Thursday, September 15, 2011

How to grow strawberries

This picture is from this past April.  It's time to plant your own patch.
   Now is the time to set out strawberry plants for fruit next May. We maintain a part of our strawberry patch each year after the harvest and through the summer until now, when we dig up the multiple runners and plant them out in a newly prepared section of garden. The plants establish themselves in the fall, then begin to really put on new leaves on warm days in the winter and in the early spring. By about the end of March they should begin flowering, and about the end of April/early May the harvest should begin and last for about three or four weeks.  These are the same plants we've sold strawberries from since we first started selling in 2004. We normally plant our strawberries in double rows. We space the two individual rows about 10-12 inches apart with about 24-32 inches between double rows. We space the plants about 10 inches apart in the row.  Sometimes we'll mound up the double rows a little, especially if we have any concerns about poor drainage: strawberry roots don't like to stay wet. We mulch lightly with straw (or poor hay) for protection from the hardest winter cold, then mulch heavily in and around the plants in the early spring to suppress weeds and keep the berries from getting mud and dirt on them.
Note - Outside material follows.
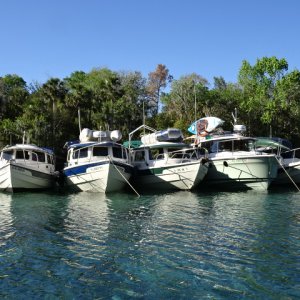 Rafted in Silver Glen Springs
Bare root plants will require very regular watering until they get established. It is time to begin getting plants established, though, so if you can't keep them well watered in the garden, you might want to plant them in small pots or flats as an intermediate step. It's also important not to plant the plants too deep.  Find the growing point in the middle of the plant and make sure not to cover it with dirt. 
   If you've realized how hard good organic fruit is to come by, strawberries may be an excellent place to start growing your own.